Lab exercise 10
This week the homework is much less guided, you may need to improvise and use the knowledge that you gained during the semester.
1, Loading data (1 point)
- A, Download the data from the following URL: https://archive.ics.uci.edu/ml/machine-learning-databases/00477/Real%20estate%20valuation%20data%20set.xlsx
- B, For more information, read https://archive.ics.uci.edu/ml/datasets/Real+estate+valuation+data+set#
- C, Check the data in Excel and then load it to Python via Pandas
- D, Check for missing data and handle them reasonably, if you find any
- E, Split the data to train and test part (2012 is the train, 2013 is the test).
2, Visualize the data (2.5 points)
- Create meaningful visualization for the data to understand what it contains.
- Do not use any machine learning models here, only creative, meaningful charts.
- Create publication quality plots, that are fully understandable without looking at the code that generated them.
3, Unsupervised modeling (2.5 points)
- A, Try at least two different unsupervised machine learning techniques to reveal the inner structure of the data.
- B, Are there any clusters of the houses? What are those clusters? (smaller in-the-city flats vs larger outskirt houses?)
- Do not forget, sometimes scaling the data helps!
- Use both 2012 and 2013 data for this task.
4, Supervised modeling (4 points)
- A, Try different models to predict the ‘Y house price of unit area’.

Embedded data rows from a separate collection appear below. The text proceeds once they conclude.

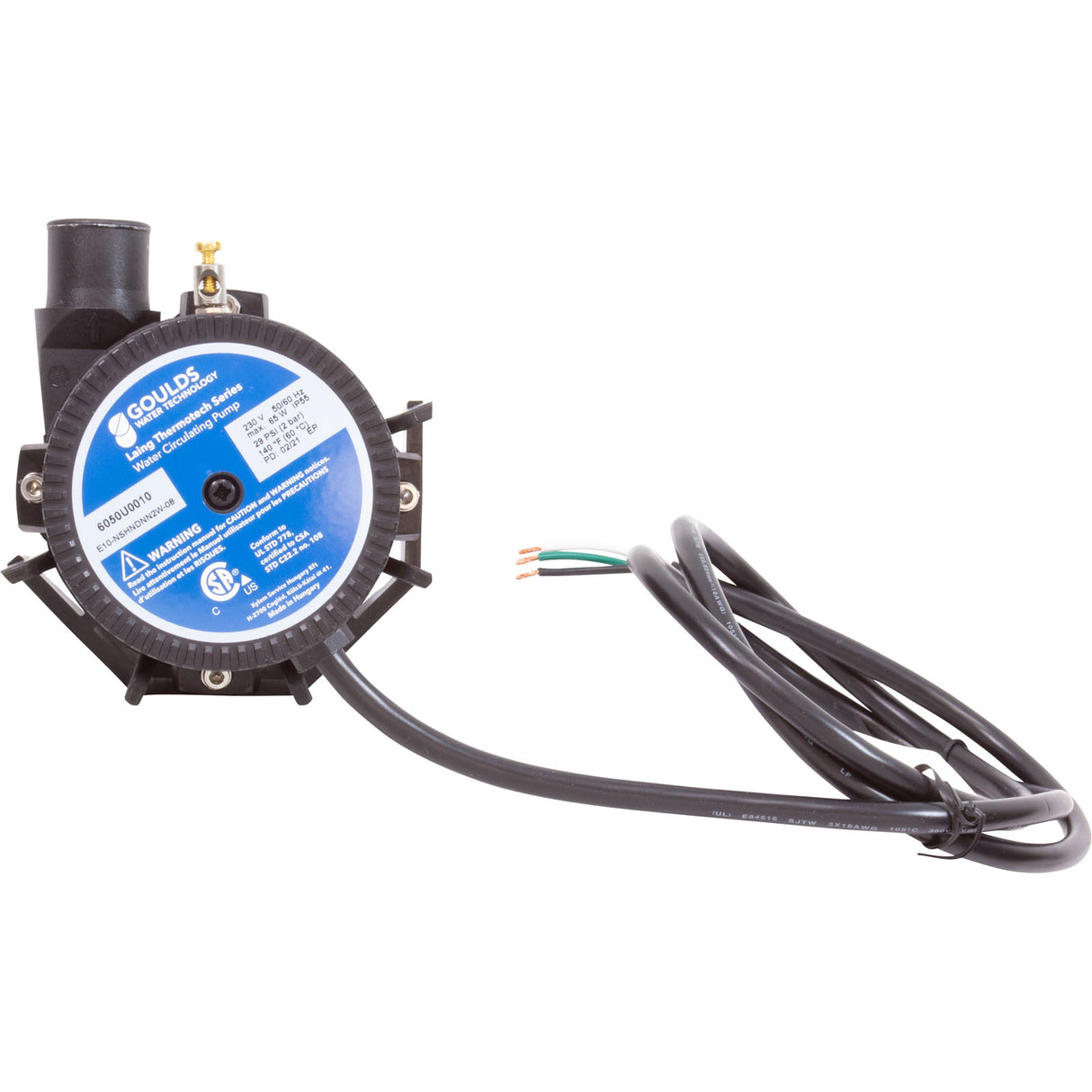 Pump, Circ, Laing E-10, 230v, 1"b, 4ft Bare Cord, OEM : 6050U0010 - Laing/Xylem - 733886502091 - PartsForSpas.com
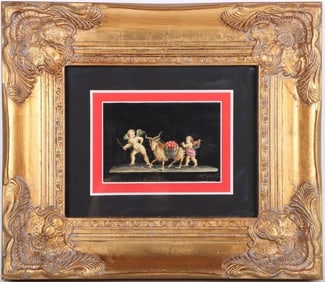 RAGO GIOVANNI CHERUBS WITH GOAT PAINTING FRAMED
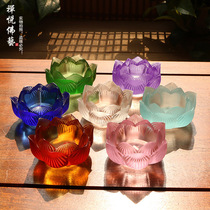 Glass lotus candlestick long bright lamp colorful butter lamp holder Buddhist family seven treasures lotus glass lamp Buddhist supplies ornaments
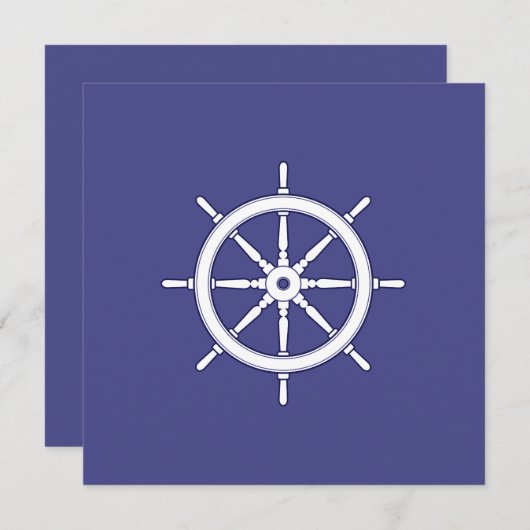 Nautisch Schip Wiel wit en blauw (Voorkant / Achterkant)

- B, Select a proper metric to measure the goodness of your predictions.
- C, Tune the hiperparameters for at least 2 selected models.
- Use data from 2012 to train the models and also for hiperparameter tuning!
- Use data from 2013 only for evaluating your models!
- D, What is the best MAE (mean absolute error) for the price of unit area that you could achieve?
- E, Check the errors of the predictions. Is there a specific which kind of houses for that your model works much better or worse?